I’ve found that I’m way more productive in some languages compared to others. This is common enough occurance according to Thoughtworks that they mention polyglot programming under their tech radar in techniques. It also allows the use of heterogenous teams that can bring different strenghts to the table. Sometimes a language/virtual machine has a library or framework especially suited for your problem/task.

Code chunks

Shitty code behind nice interfaces

If we look at the group intercommunication formula: n(n − 1) / 2, it should be fairly obvious that having tight coupling between teams without clear interfaces causes increased communication need. By defining nice API with nice enough documentation to communicate between team responsibilities you can ensure that teams can focus. I mean focus in the sense that team members are not led astray by leaky abstractions by exposing internal implementation details causing confusion for the uninitiated. As seen in the previous post, we do not strictly need to use microservices in order to satisfy this goal.

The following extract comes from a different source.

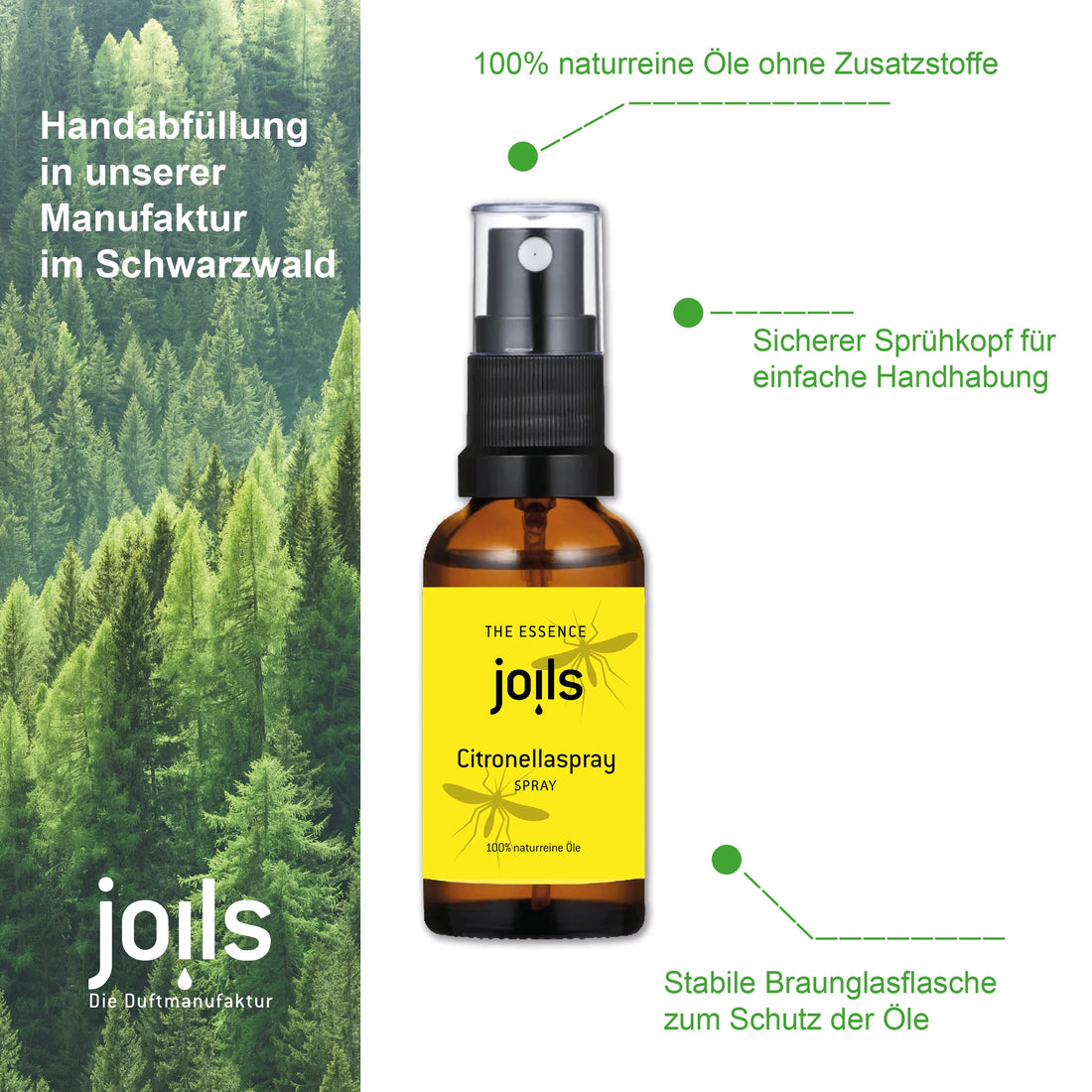 Citronella-Spray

One of the unintuitive facts of programming is that by restricting the possibilities can lead to improvements. This fact can be seen when it comes to static type systems. The same can be applied to API evolution. By making it harder to evolve an APIs, we can make it easier to be backwards compatible. Having a more focused API for a subdomain also makes it easier to reason about cache-logic and scaling. By keeping API’s backwards compatible you can evolve separate parts of your system at their own pace.

Cost and planning

Measuring software productivity by lines of code is like measuring progress on an airplane by how much it weighs

Software estimation techniques show that the time and cost of software is closely related to the line count of the system where changes are made (see Software Estimation). This implies that having subsystems that can be resoned about in isolation means that it’s easier to estimate and plan changes (as well as keep cost reasonable).

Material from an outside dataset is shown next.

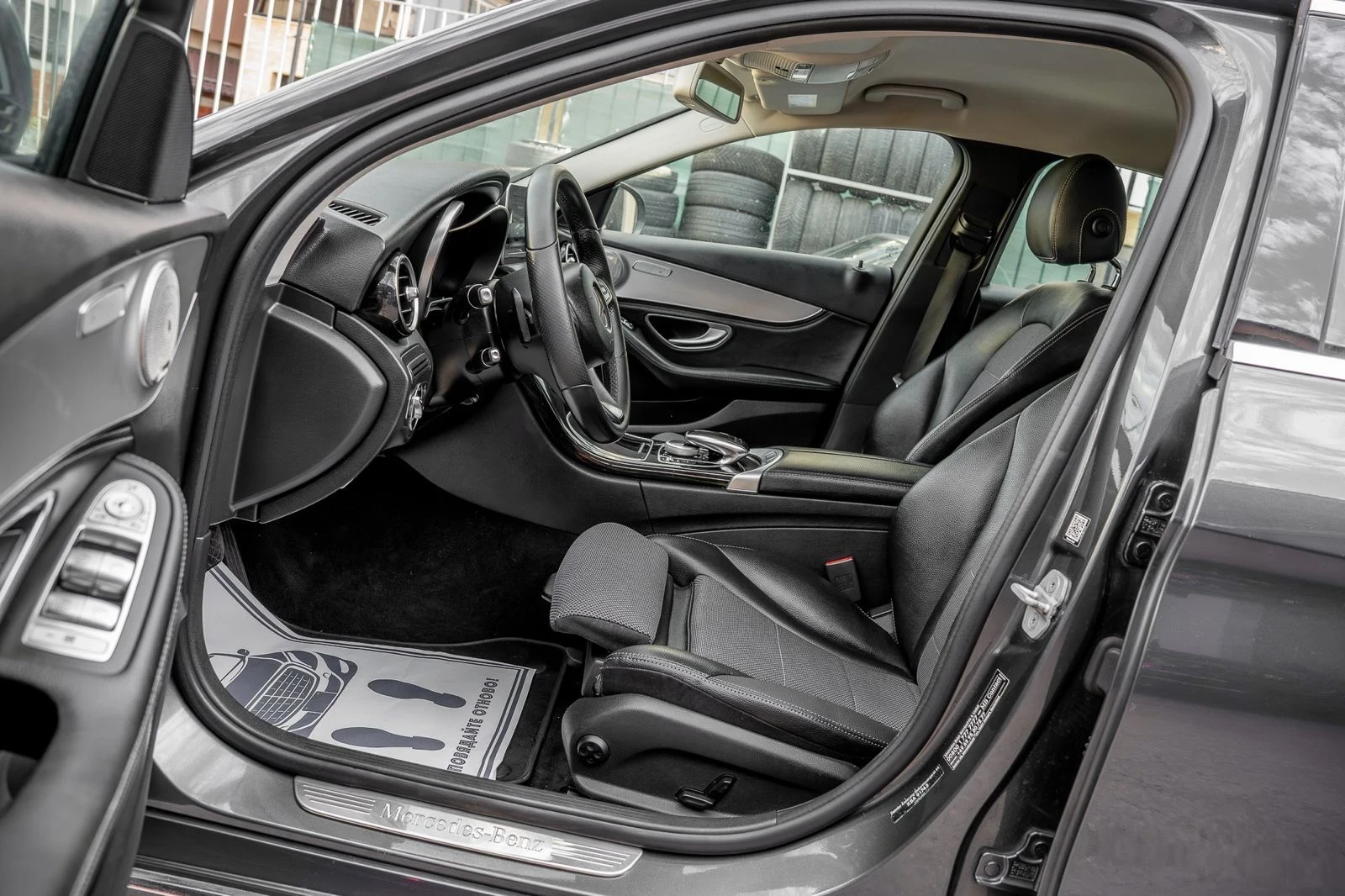 Mercedes-Benz C 220 CDI-BlueTEC-AVANTGARDE-AGILITY-AMBIENT-�������-TOP | Mobile.bg � ����������� 14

The cost of microservices has in fact decreased over the years. Note for instance that deploying a hosted Kubernetes solution with a light workload can cost you as little as around 30$ per months depending on your vendor. Deploying multiple sites into a single App Service on Azure can be quite cheap as well.

Conclusion

Microservices allows you to build small isolated services in different languages accessible by HTTP requests. The operational cost gives you flexibility. The difficulty and cost of hosting microservices has become more democratized, why it has become more feasible for many workloads.